Sergio Claudio Perroni, lo scrittore si è tolto la vita sparandosi in pieno centro a Taormina

di Redazione Blitz
Pubblicato il 27 Maggio 2019 10:09 | Ultimo aggiornamento: 27 Maggio 2019 10:09
Sergio Claudio Perroni, lo scrittore si è tolto la vita sparandosi in pieno centro a Taormina

Sergio Claudio Perroni, lo scrittore si è tolto la vita sparandosi in pieno centro a Taormina

ROMA – Lo scrittore Sergio Claudio Perroni, 63 anni, si è tolto la vita sparandosi un colpo di pistola alla tempia in mezzo alla strada, nel pieno centro di Taormina, in Sicilia.

È successo intorno alle 10 del mattino di sabato 25 maggio in via Roma, all’altezza nella zona del belvedere. A spingerlo a compiere questo gesto estremo sono stati i suoi gravi problemi di salute. Lo ha spiegato lo stesso scrittore in un biglietto d’addio.

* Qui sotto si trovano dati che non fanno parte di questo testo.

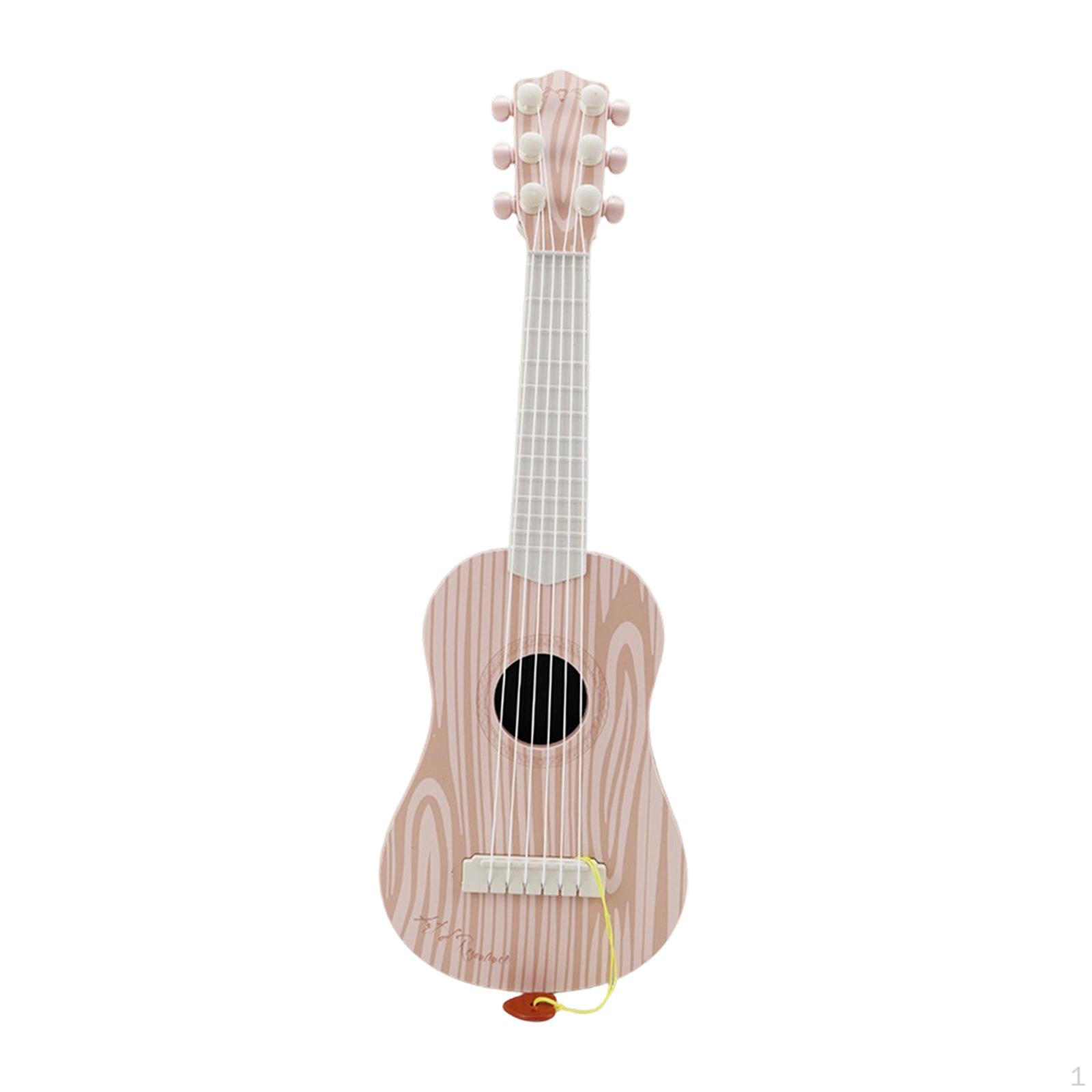 Kids Guitar Toy 6 Strings Musical Realistic Educational Learning for Children white wood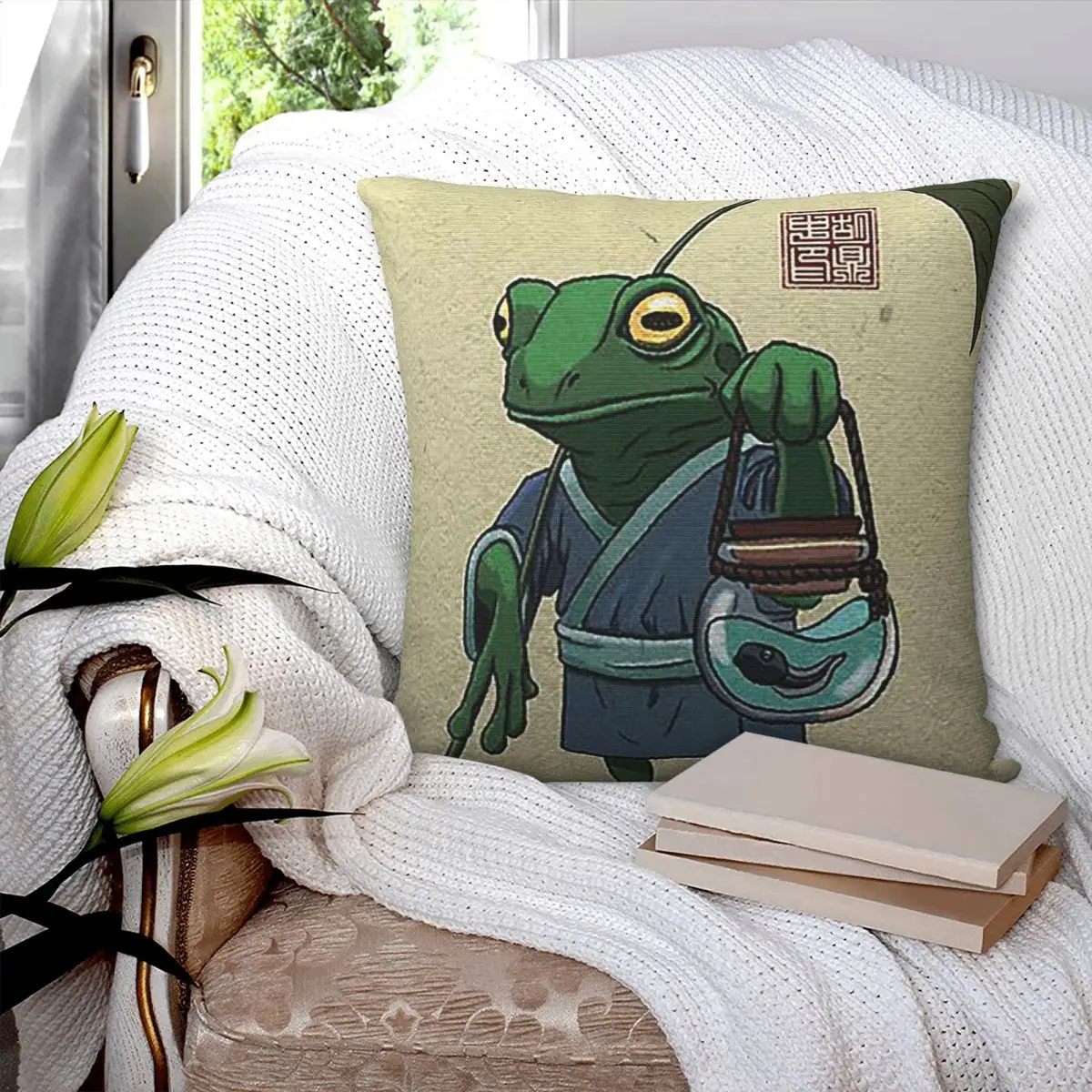 A Frog And His So Square Pillowcase Pillow Cover Polyester Cushion Zip Decorative Comfort Throw Pillow for Home Bedroom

Lo scrittore Sandro Veronesi lo ha voluto ricordare con una lunga lettera al “Corriere della Sera”:

“Di colpo abbiamo litigato. Lui era duro, e se si litiga con uno duro di solito l’amicizia si rompe – scrive Veronesi -. Infatti l’amicizia si ruppe. Io ho ricominciato a scrivere libri con molte più virgole del necessario, e anche parecchie parole in più. Poi abbiamo fatto pace, abbiamo ricominciato a parlare, ma non gliel’ho detto lo stesso. Tanto, che era bravo lo sapeva. Come trovava i miei, di errori, trovava anche i propri, e come correggeva gli uni correggeva gli altri”.

Veronesi ha voluto poi ricostruire quanto accaduto quella mattina: “Il 25 maggio mattina verso le nove è andato al Bam Bar, dove andava sempre — a Taormina, perché lì viveva —, ma per la prima volta ci è andato senza occhiali. Poi è uscito, ha camminato per cinque minuti fino a via Roma e ha proseguito fino al belvedere sotto piazza IX aprile. Lì si è fermato, ha preso la pistola dalla tasca e si è sparato”. Fonte: Il Corriere della Sera, Il Fatto Quotidiano.